Feel free to forward this link to others if you have friends or family that
may be interested in participating.


----------



## ThinkingGreen (Apr 2, 2010)

gottdi said:


> Below is the email I received. As far as I am concerned it is bogus. DON'T FOLLOW THE LINK.
> 
> 
> Automobile designers want your input on a vehicle that is being planned for
> ...



I'm not sure why something thinks I would go to the lengths of making a fake survey for EV's. As you can see the link is associated with the University of Michigan. The school's MBA program has been engaged to perform this study by the EV manufacture. 

When you go to that screen you need to click on the arrow below this message to participate in the survey.

At this time we are not disclosing the name of the company because that can bias the sample. When doing market research the company almost always not disclosed. I can post the company's name after the survey is complete for those who are interested.

Thanks,
Kyle


----------



## Guest (Apr 5, 2010)

It's the $100 drawing that flags the post. Real and honest does not need a gimick to draw attention. Most drawings are usually for info gathering and have nothing good to return for the efforts.

Sorry but it still flags the bogus meter.


----------



## david85 (Nov 12, 2007)

IMO, not revealing the sponsor is what biases me from participating. I honestly don't know if thats even standard procedure for other surveys. If it is, then I guess my opinion will never be included.

Not a fan of gimmicks either. Quite disappointing.


----------



## camerondmm (Apr 28, 2009)

This is in all likely hood a valid survey.
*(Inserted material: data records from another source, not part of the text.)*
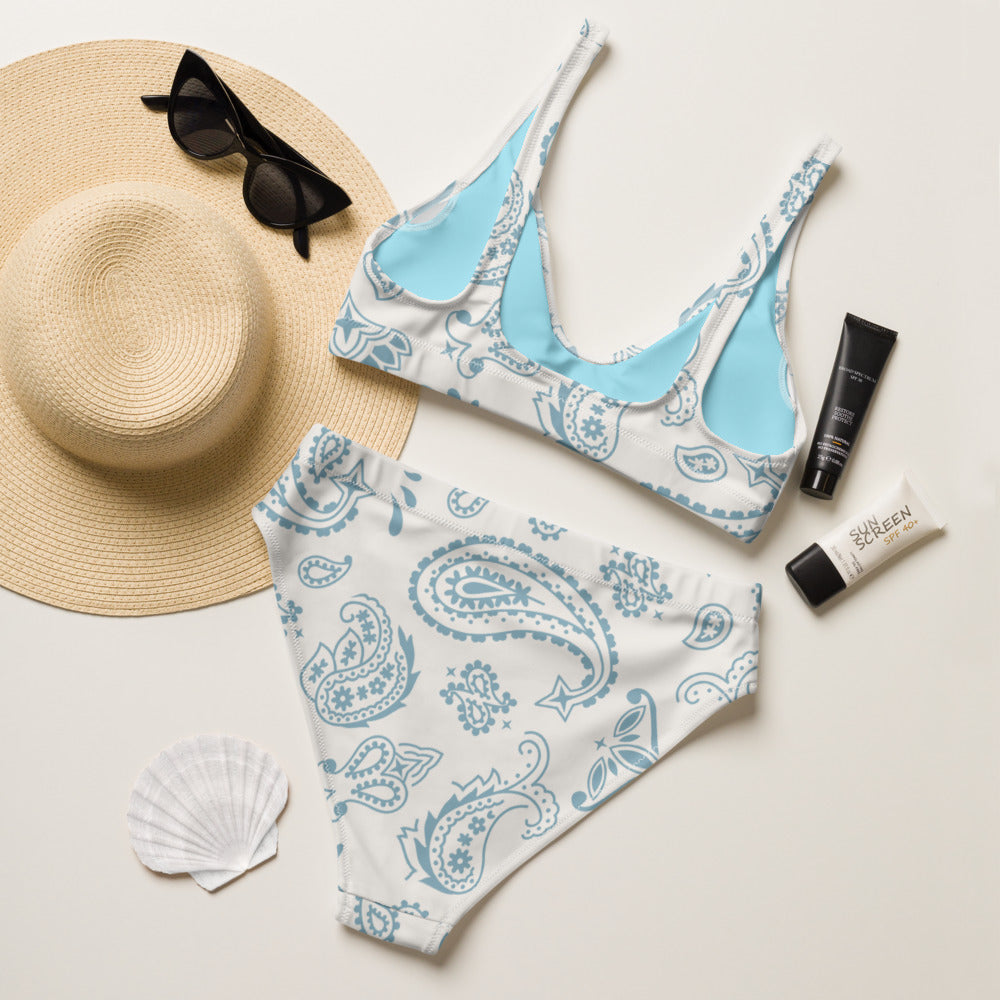 Paisley Blues high-waisted bikini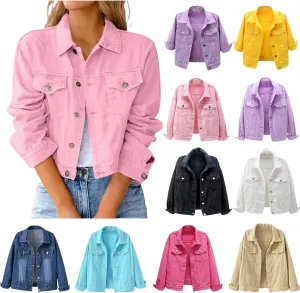 Jean Jacket Women Trendy Lapel Button Down Long Sleeve Cropped Denim Top Slim Fit Casual Candy Color Plus Size Blazer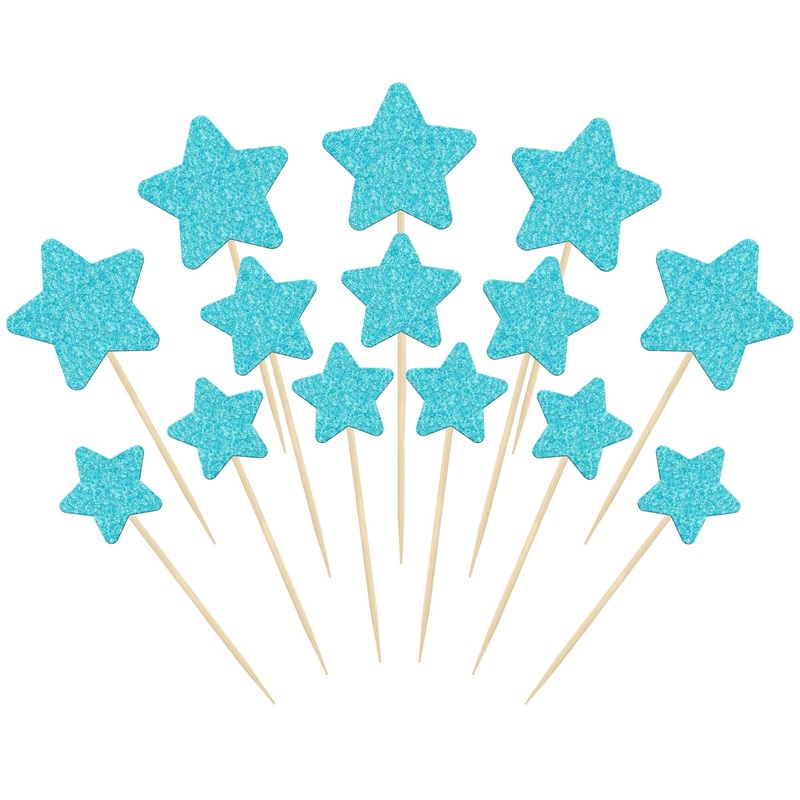 Gyufise 42Pcs Star Cupcake Toppers Blue Glitter Mixed Size Twinkle Little Star Cupcake Picks Decorations For Wedding Engagement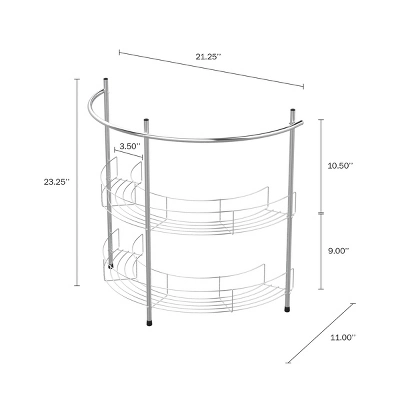 Pedestal Sink Organizer Stainless Steel - Hastings Home 2 Pedestal Sink Organizer Stainless Steel - Hastings Home - Image 2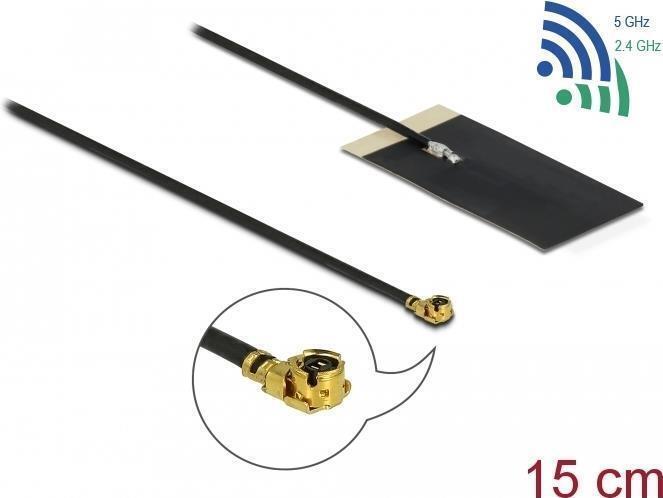 Delock WLAN 802.11 ac/ax/a/h/b/g/n antenna MHF I plug 2.7 - 3.0 dBi 1.13 15 cm F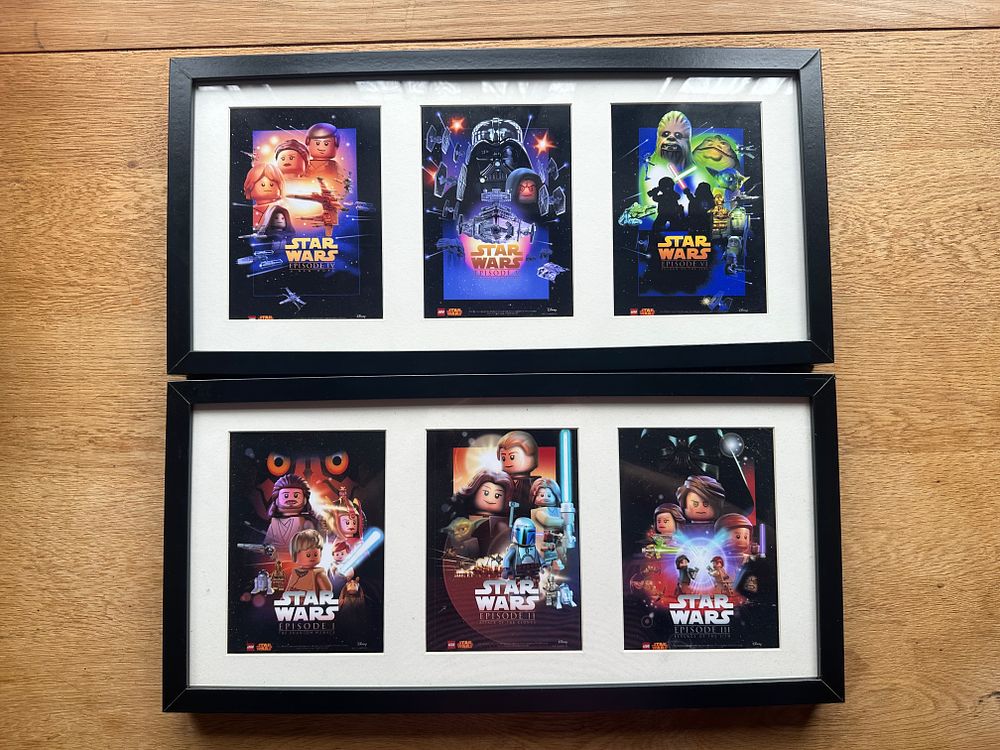 Lot 524: A pair of Lego starwars framed wall art as pictured 53 x 26cm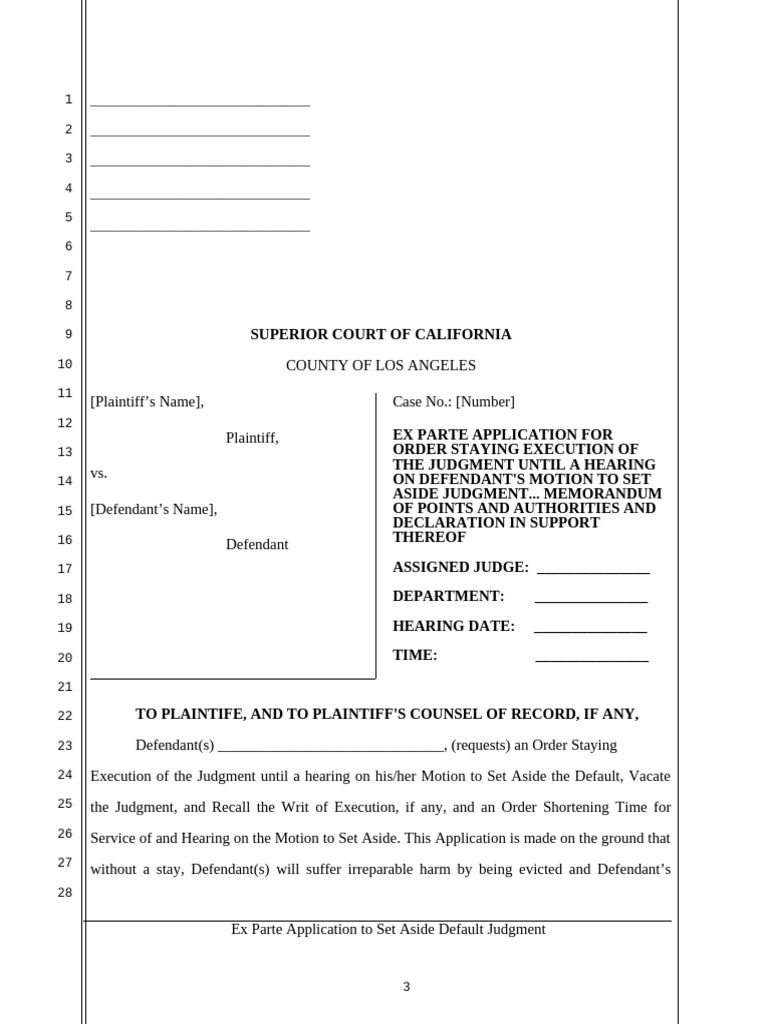 Stay Execution of Judgment Application | PDF | Ex Parte | Default Judgment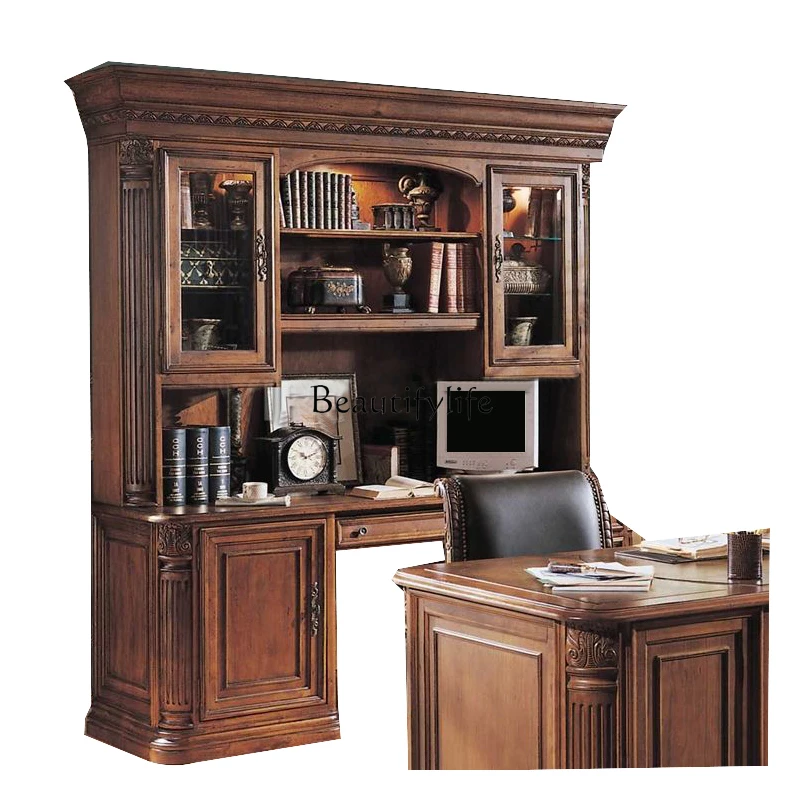 

American solid wood bookcase combination European retro bedroom bookcase writing desk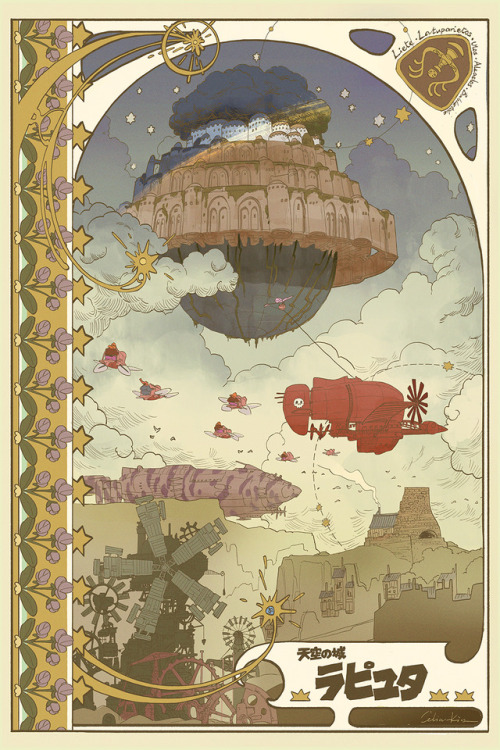 celine-kim:“Castle in the Sky” fan posterCouldn’t find a large size Ghibli movie poster to hang on t
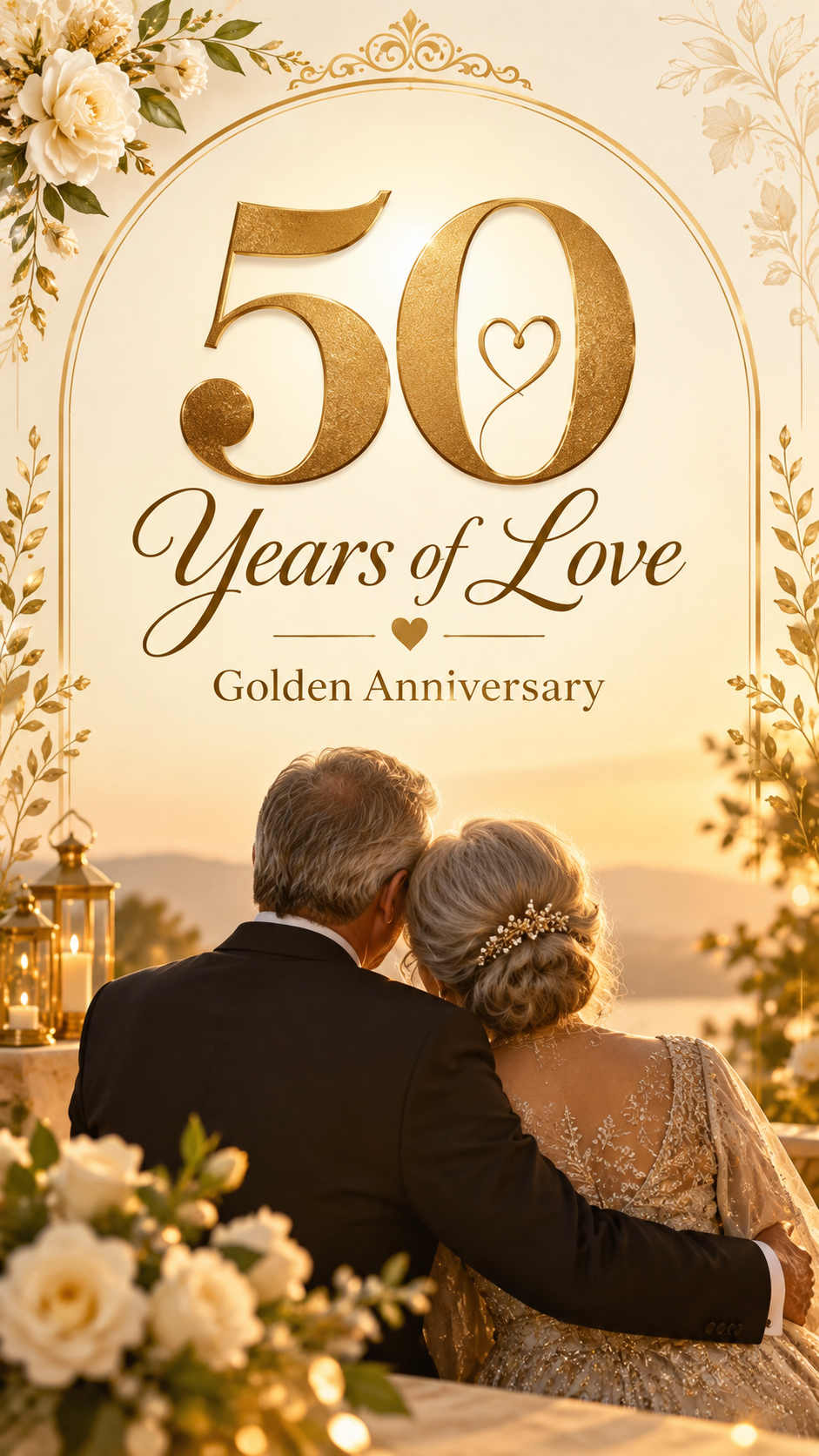 50th Golden Wedding Anniversary luxury e-invitation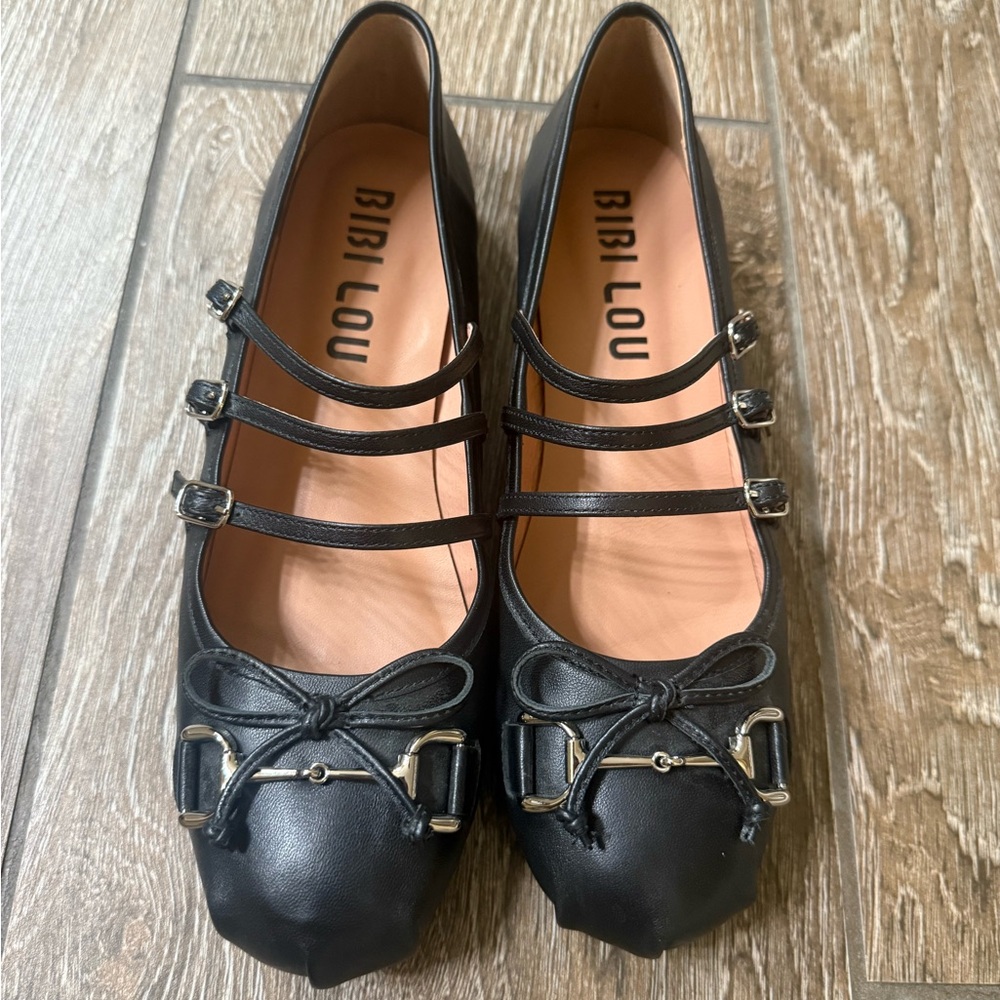 Anthropologie Bibi Lou Horsebit Moto Ballet Flats - black leather- size 9 - Picture 3 of 11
Who knows what company it is intended for, but the more data they get the better.


----------



## BWH (Sep 26, 2008)

> How likely are you to consider purchasing the following type of vehicles within the next five years?
> 
> Hybrid vehicle that uses gasoline and electricity (e.g., Toyota Prius)
> 
> Electric vehicle that uses only electricity (e.g., Chevrolet Volt)


Um, the Volt is a hybrid. A different type of hybrid than the Prius, but a hybrid none the less.


----------



## ThinkingGreen (Apr 2, 2010)

camerondmm said:


> This is in all likely hood a valid survey. Who knows what company it is intended for, but the more data they get the better.


Thank you cameron.

If you don't want to participate in the survey that's fine. The last few things I'll point out because we do want your input.

1) The URL is through the University of Michigan's website, go to www.umich.edu if you are still skeptical and compare it to the link.

2) The $100 gift card is because the return rate on these surveys is about 10% on average and having something like the gift card helps increase that slightly, which makes it a good deal for you all and a good deal for the company conducting the research. If you know someone in market research ask them about it.


Thanks,
Kyle


----------



## Grant_NZ (May 28, 2008)

I don't mind helping out, don't really care if I get a $100 voucher or not however the questions asked reminded me of some of the design features the Tesla Model S was advertising. I also saw the University of Michigan logo so I kind of figured it to be legit, just wanted to do my part in providing my ideas for a decent electric vehicle in the hopes they'll start to ship them over the ocean to this country... oh and Kyle, you need to ask them to add a right hand drive option


----------



## Guest (Apr 6, 2010)

I know people in advertising and surveys are part of advertising and truly only benefit the business. They also provide a sellable mailing list email or otherwise and I guarantee they still do that no matter what is said. I am very skeptical of surveys in general. I am not doubting that its valid or not. From a University I'd be more inclined to think you'd provide more information. Little to no information means to me it is weak and has no valid backing but a ruse to get information and more than likely not from the University. Anyone including me can make up a site that is as official and even use official logos and such to hide behind. 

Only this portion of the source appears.